Why does Python use hash table to implement dict, but not Red-Black Tree? [closed]

Question

Why does Python use hash table to implement dict, but not Red-Black Tree?

What is the key? Performance?

Answer 1

This is a general, non-Python-specific answer.

Algorithmic complexity comparison

       | Hash Table  |   Red-Black Tree    |
-------+-------------+---------------------+
Space  | O(n) : O(n) | O(n)     : O(n)     |
Insert | O(1) : O(n) | O(log n) : O(log n) |
Fetch  | O(1) : O(n) | O(log n) : O(log n) |
Delete | O(1) : O(n) | O(log n) : O(log n) |
       | avg  :worst | average  : worst    |

The problem with hash tables is that hashes can collide. There are various mechanisms to resolve collisions, e.g. open addressing or separate chaining. The absolute worst case is that all keys have the same hash code, in which case a hash table will degrade into a linked list.

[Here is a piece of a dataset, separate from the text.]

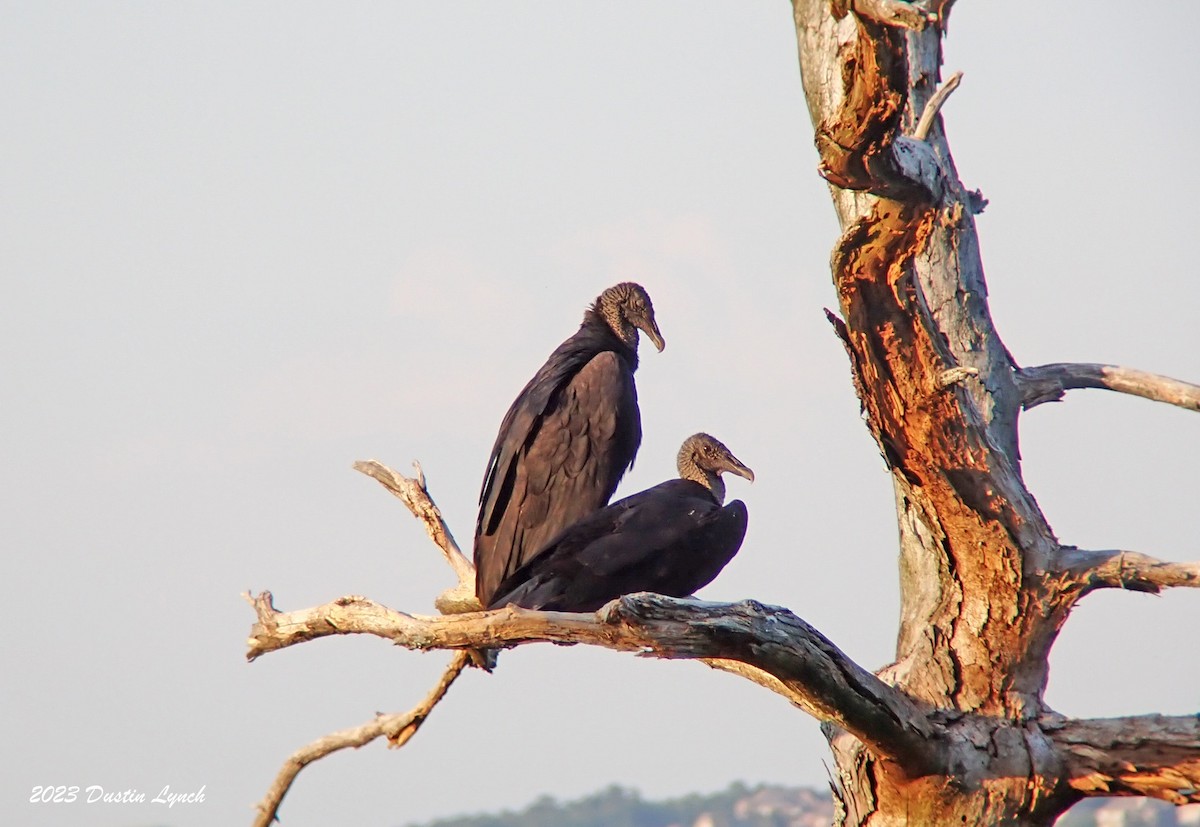 kondor havranovitý - ML646948987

In all other cases, a hash table is a great data structure that's easy to implement and delivers good performance. A downside is that implementations that can quickly grow the table and redistribute their entries will likely waste nearly as much memory as is actually being used.

RB-Trees are self-balancing and do not change their algorithmic complexity in a worst case. However, they are more difficult to implement. Their average complexities are also worse than that of a hash table.

Restrictions on keys

All keys in a hash table must be hashable and comparable for equality among each other. This is especially easy for strings or integers, but is also fairly straightforward to extend to user-defined types. In some languages like Java these properties are guaranteed by definition.

Keys in an RB-Tree must have a total order: each key must be comparable with any other key, and the two keys must either compare smaller, greater, or equal. This ordering equality must be equivalent to semantic equality. This is straightforward for integers and other numbers, also fairly easy for strings (the order need only be consistent and not externally observable, so the order does not need to consider locales^[1]), but difficult for other types that have no inherent order. It is absolutely impossible to have keys of different types unless some comparison between them is possible.

^{[1]: Actually, I'm wrong here. Two strings may not be byte-equal but still be equivalent according to the rules of some language. See e.g. Unicode normalizations for one example where two equal strings are encoded differently. Whether Unicode character composition matters for your hash key is something that a hash table implementation cannot know.}

One might think that a cheap solution for RB-Tree keys would be to first test for equality, then compare identity (i.e. compare pointers). However, this ordering would not be transitive: If a == b and id(a) > id(c), then it must follow that id(b) > id(c) as well, which is not guaranteed here. So instead, we might use the hash code of keys as the lookup keys. Here, the ordering works correctly, but we might end up with multiple distinct keys with the same hash code, which will be assigned to the same node in the RB tree. To solve these hash collisions we can use separate chaining just like with hash tables, but this also inherits the worst case behaviour for hash tables – the worst of both worlds.

Other Aspects

• I expect to a hash table to have better memory locality than a tree, because a hash table is essentially just an array.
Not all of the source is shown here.